Brief →
Start the copy at the line holding "Vivanco 2in1 Wireless" and continue it exactly through the last line of the entries, leaving out pictures and anything else.

Available data Start Marker

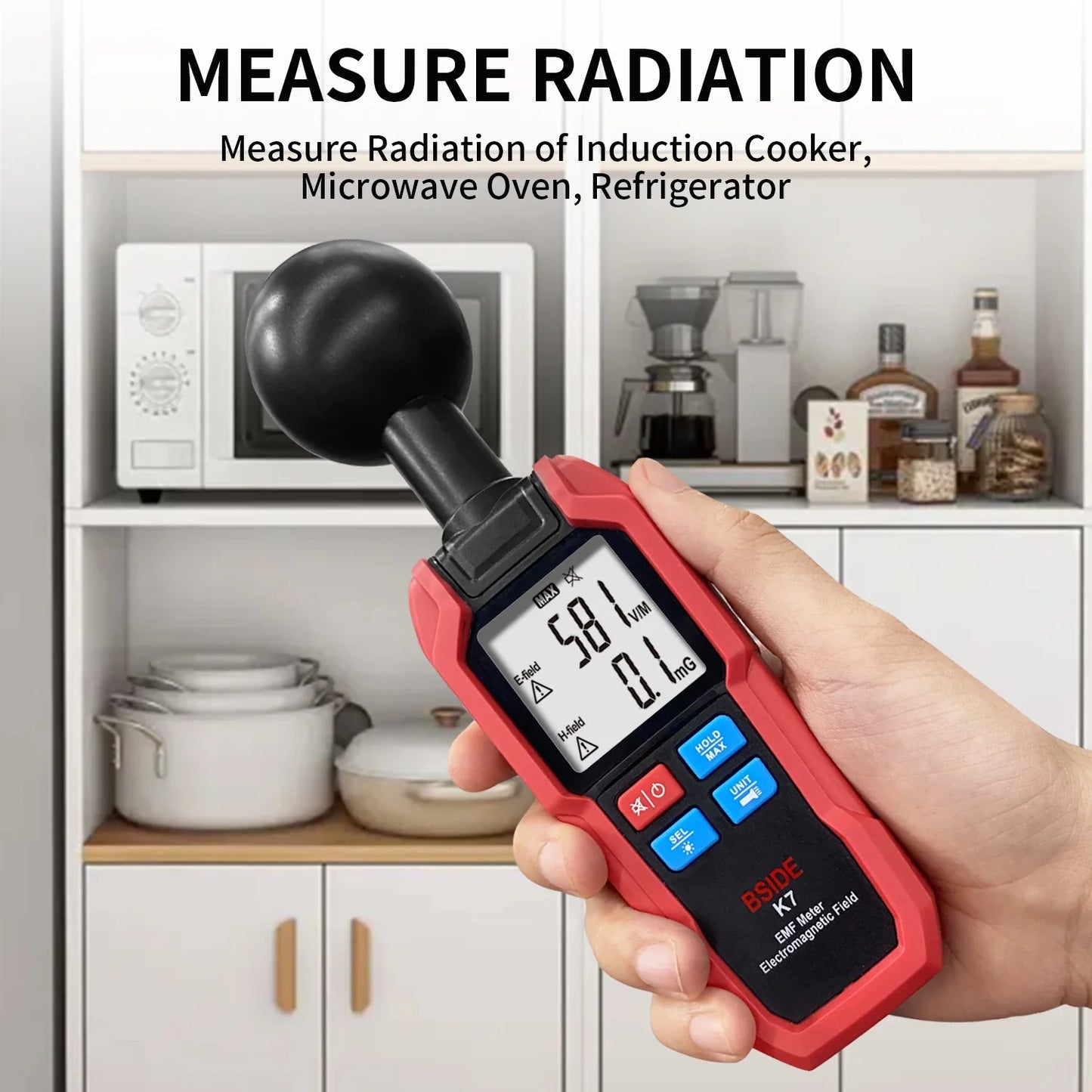 Professional  Electromagnetic Field Radiation Detector Meter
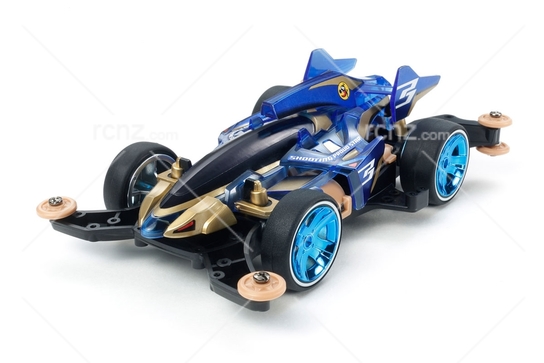 Tamiya - 1/32 Shooting Proud Star Ma Chassis Clear Blue Mini 4WD image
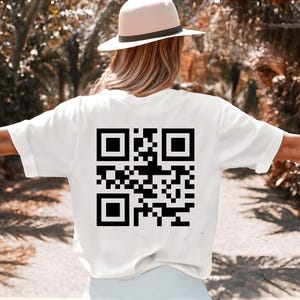 F*CK YOU! QR Code Unisex Crew Tee - Funny Saying Shirt - Sarcastic Gift for Friends - Gift for Coworker - Gift For Him - Gag Gift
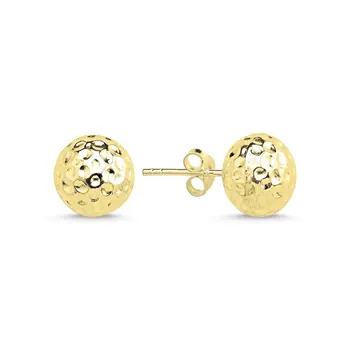 

Angemiel 925 Silver 10mm Forged Ball Earrings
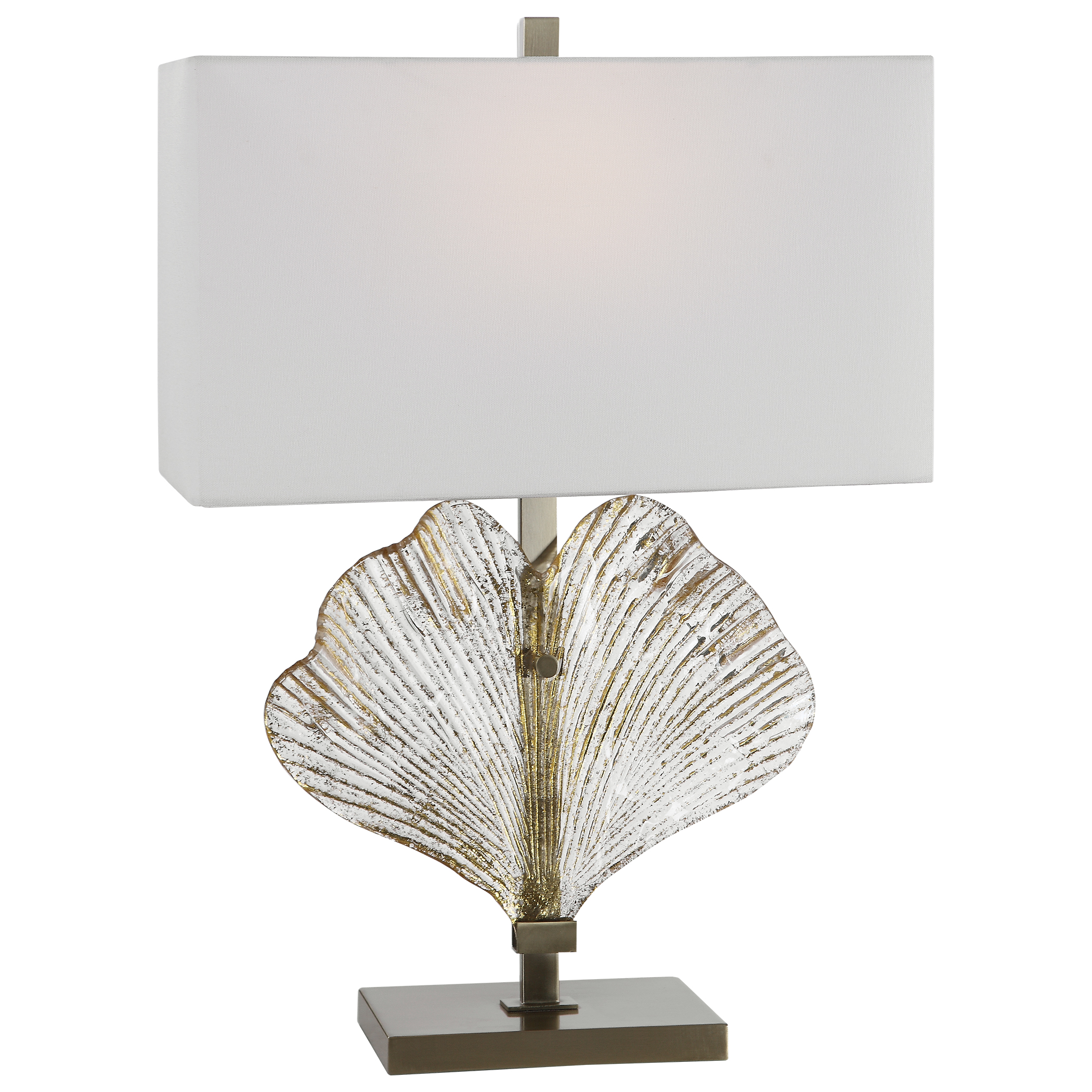 Picture of ANARA GLASS LEAF TABLE LAMP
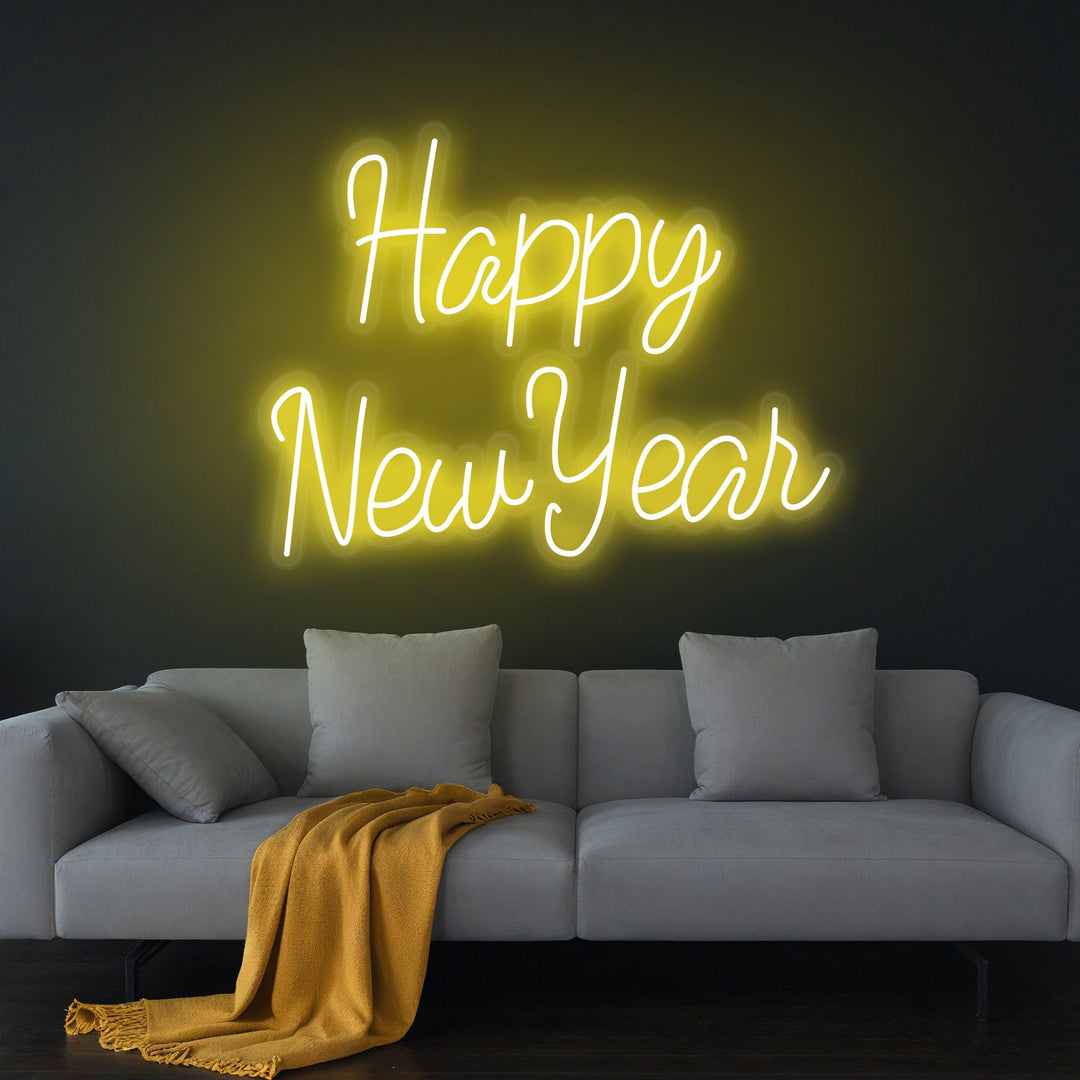 Happy New Year Neon Sign - GEEKNEON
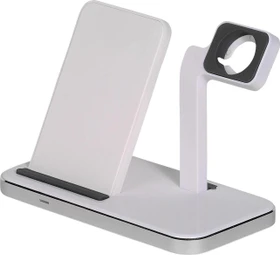 Vivanco 2in1 Wireless Fast Charger 10W weiß/grau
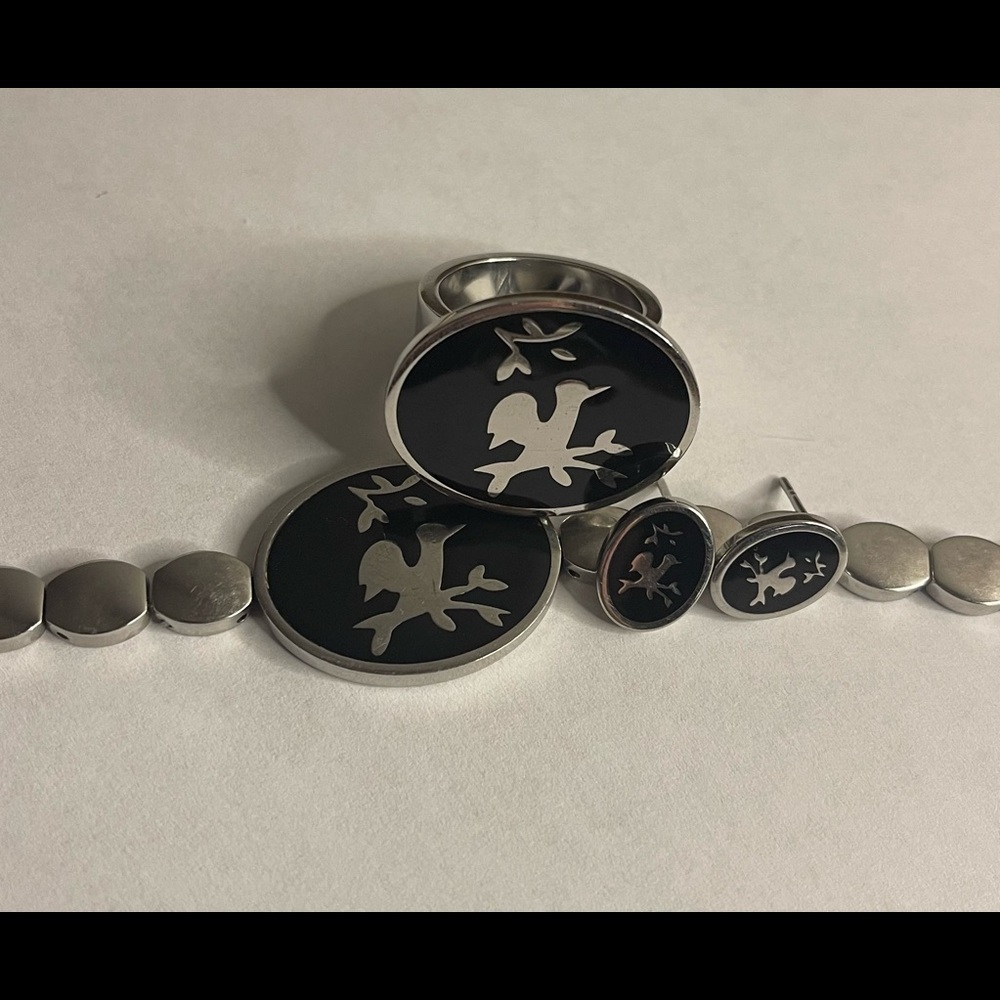 Swatch Bijoux 3 pieces set - rare tree home collection ring bracelet earrings
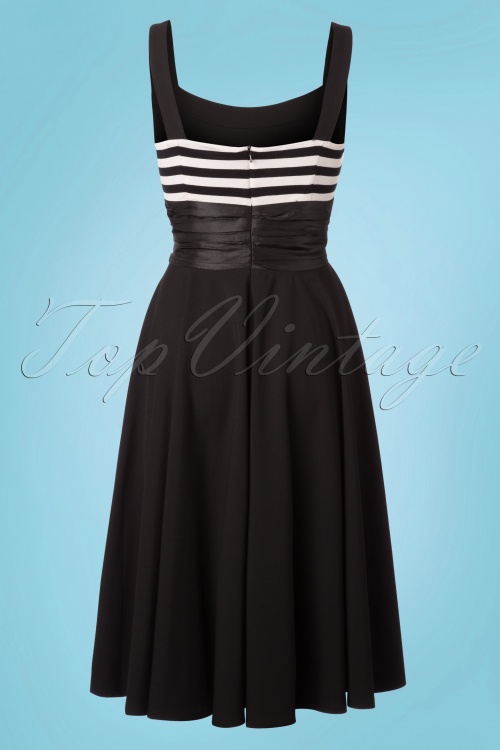 Glamour Bunny - 50s Didi Swing Dress in Black and White 4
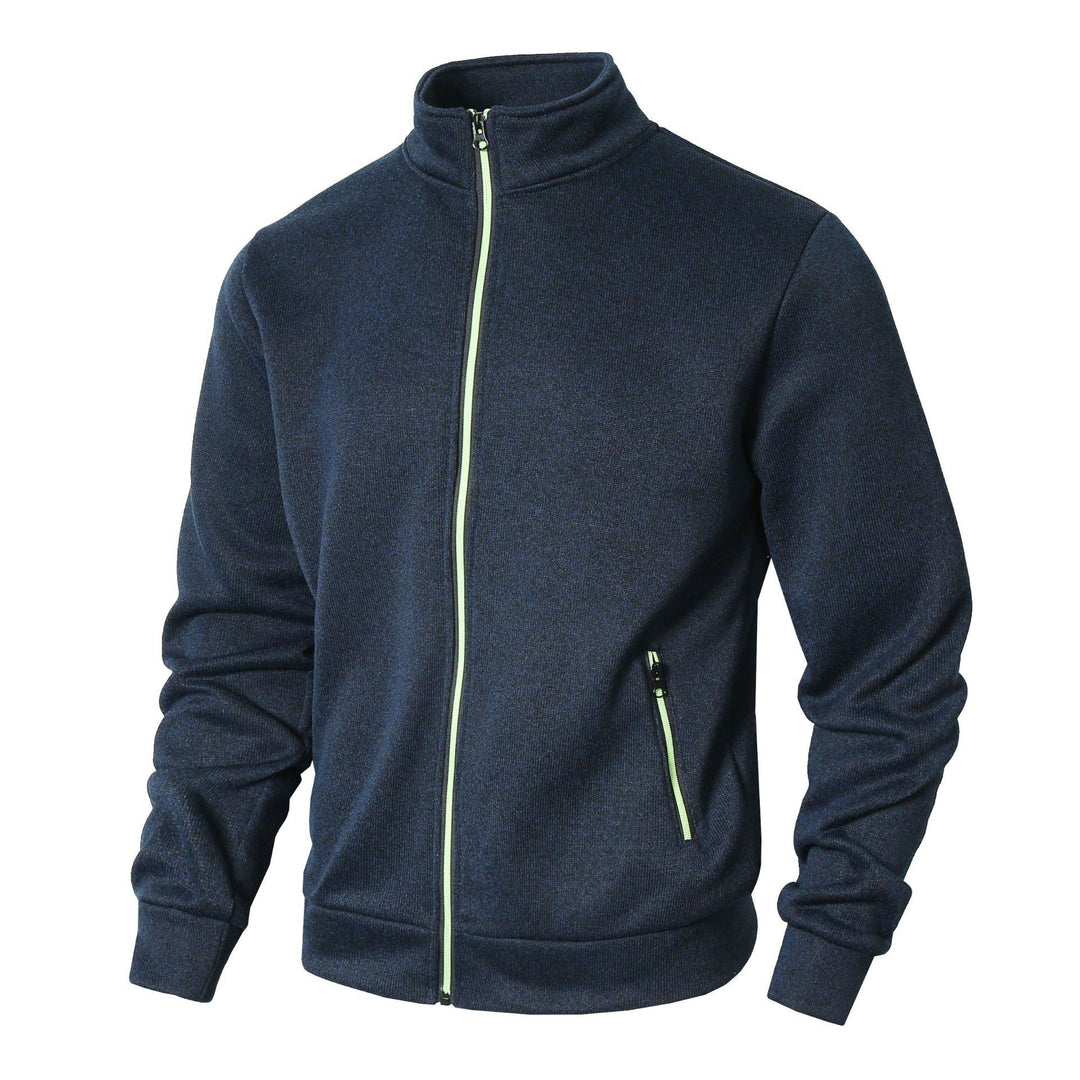 Herre Vinterjakke Zip-Up Fleece Foring Casual Jakke 3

Available data End Marker

Expected answer →
 Vivanco 2in1 Wireless Fast Charger 10W weiß/grau
 Swatch Bijoux 3 pieces set - rare tree home collection ring bracelet earrings
 Glamour Bunny - 50s Didi Swing Dress in Black and White 4
 Herre Vinterjakke Zip-Up Fleece Foring Casual Jakke 3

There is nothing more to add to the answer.